What the task asks
Your answer should be an exact copy of the lines from the one containing "第二处，小溪(没拍到照片)" through the last line of the records below, without any pictures.

[Data for analysis Boundary: Start]

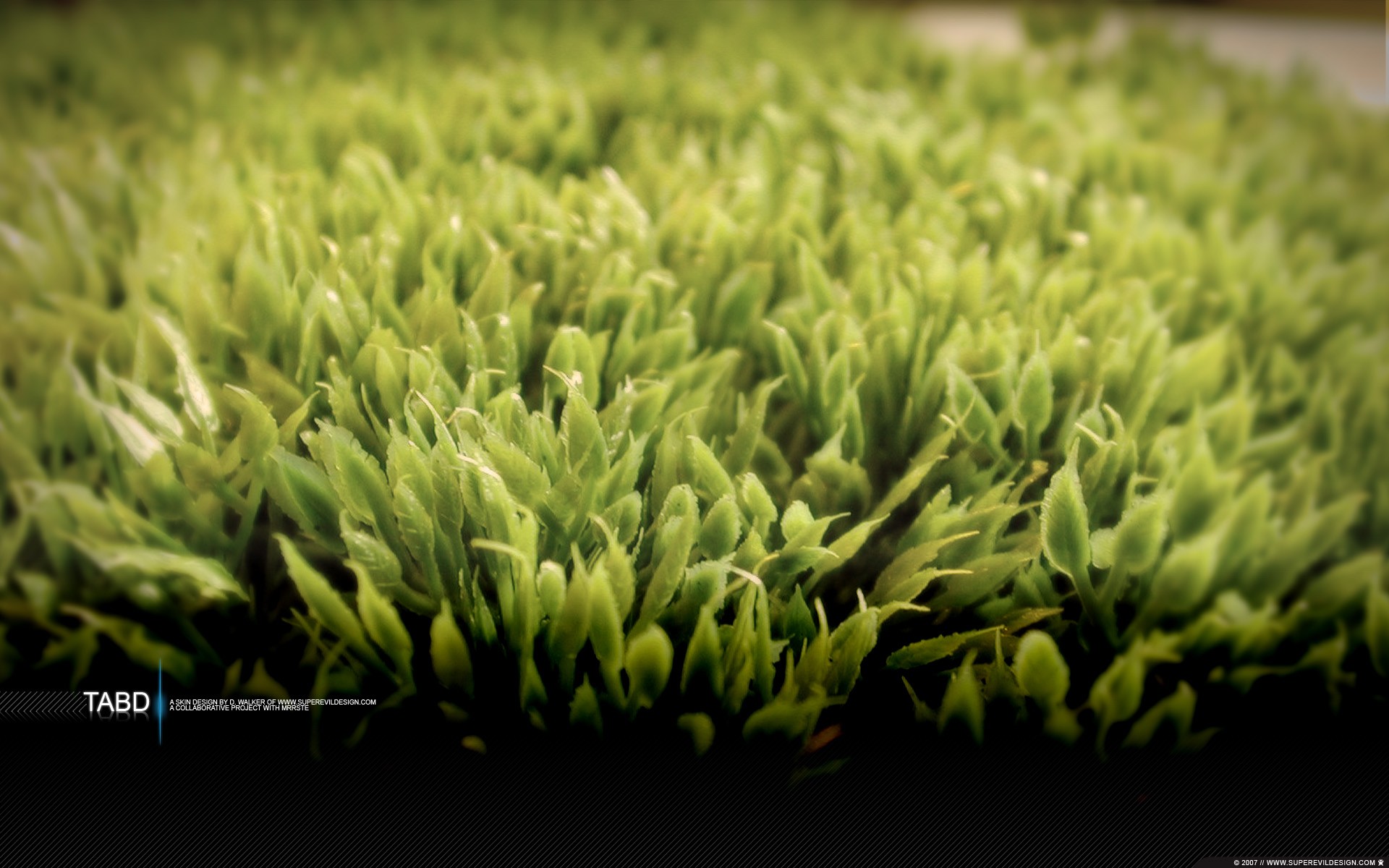 General 1920x1200 grass macro typography plants 2007 (Year) succulent green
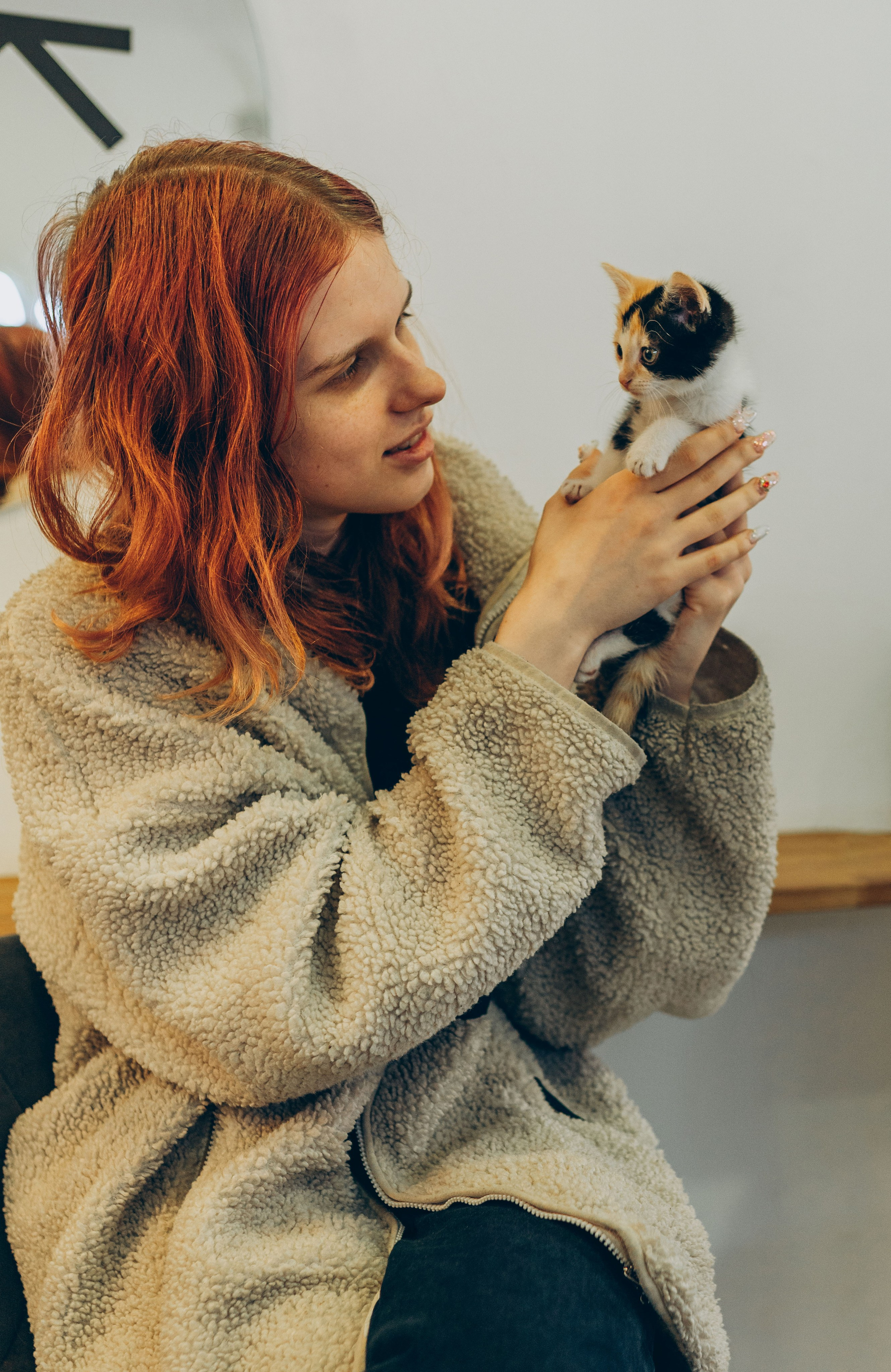 Соник. Фотограф анималист в Спб недорого Олеся Майорова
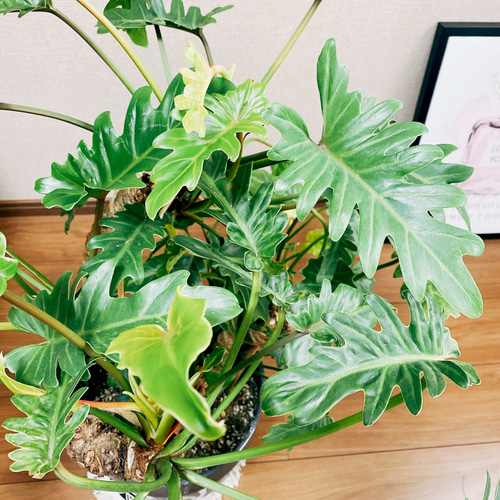 現品］フィロデンドロン クッカバラ 8号 観葉植物 大型 室内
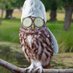 Crazy Owl (@ElBujoLoco) Twitter profile photo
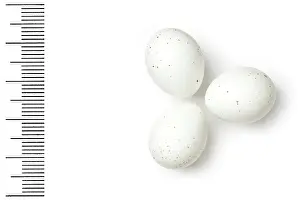 Eggshell: Tichodroma muraria, wallcreeper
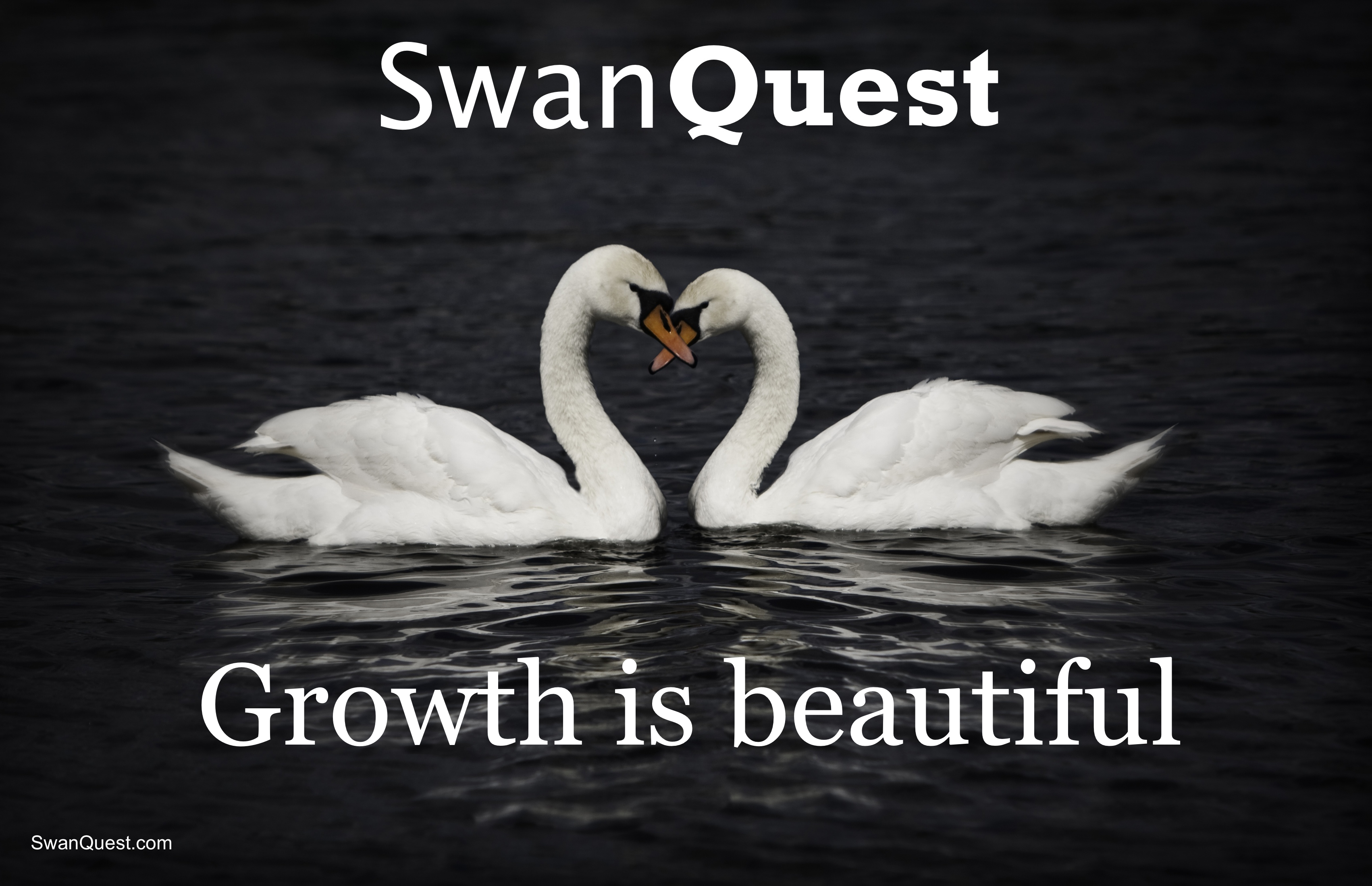 SwanQuest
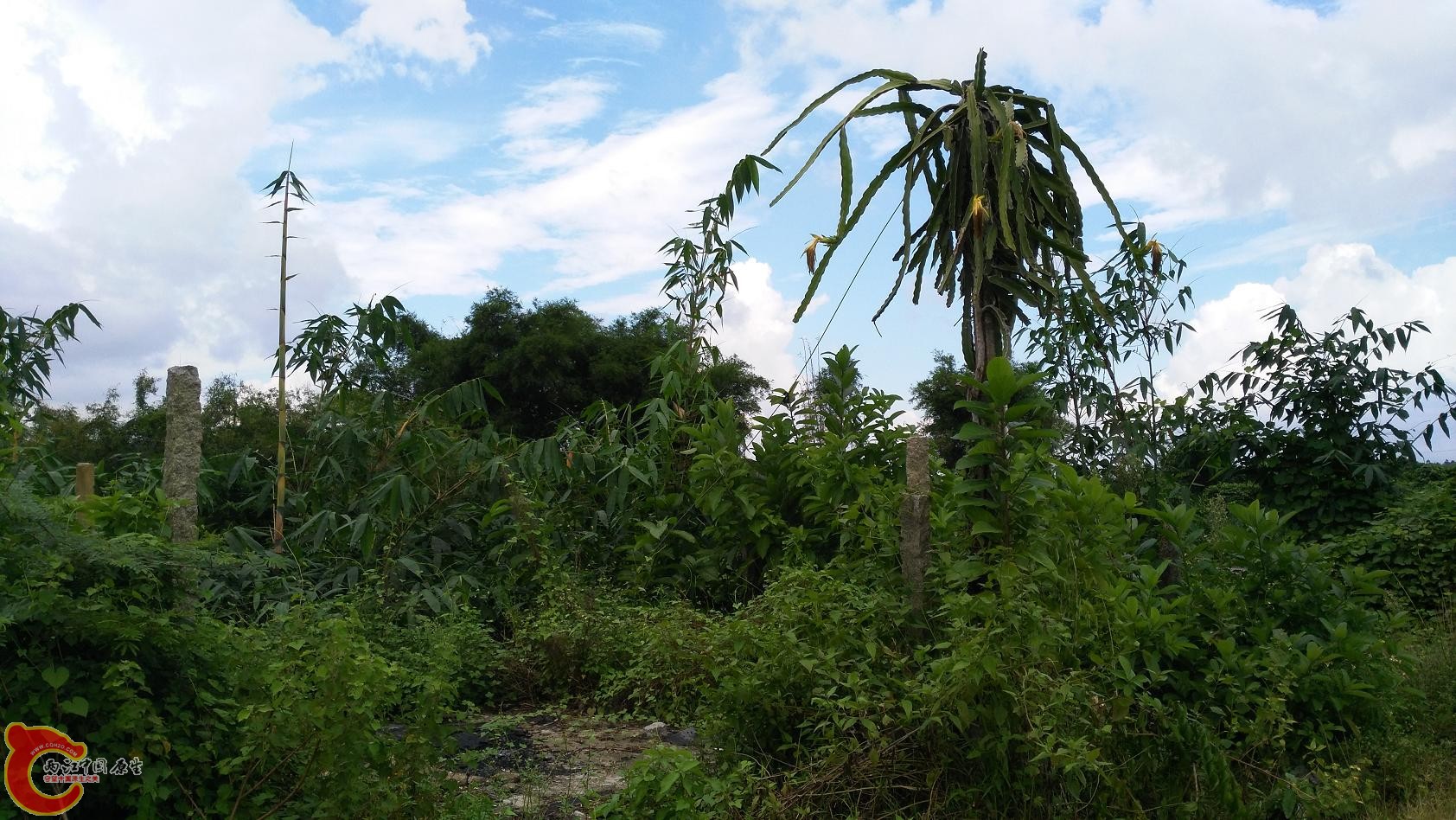 第二处，小溪(没拍到照片)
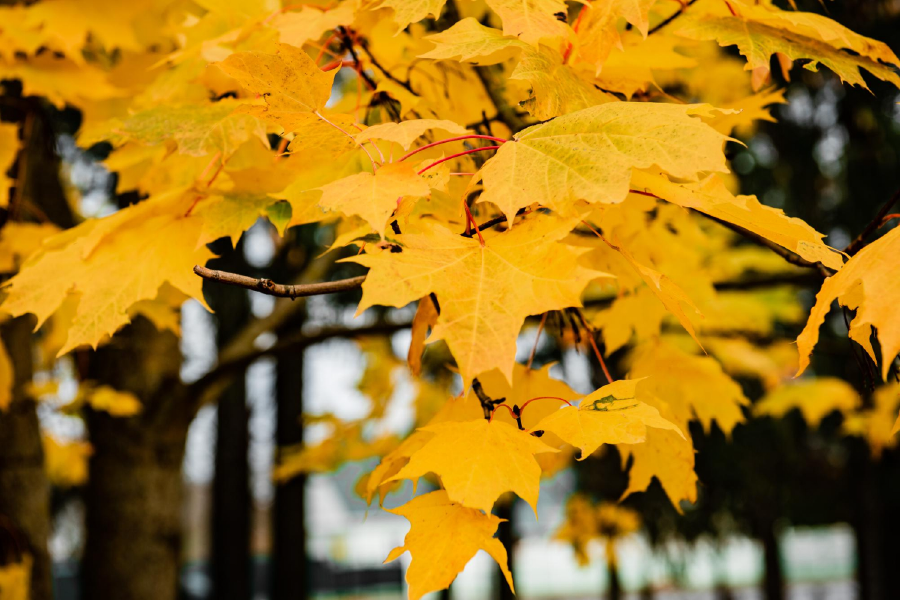 Autumn Leaves Close Up Photograph Home Decor Premium Quality Poster Print Choose Your Sizes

[Data for analysis Boundary: End]

Written answer
 第二处，小溪(没拍到照片)
 Autumn Leaves Close Up Photograph Home Decor Premium Quality Poster Print Choose Your Sizes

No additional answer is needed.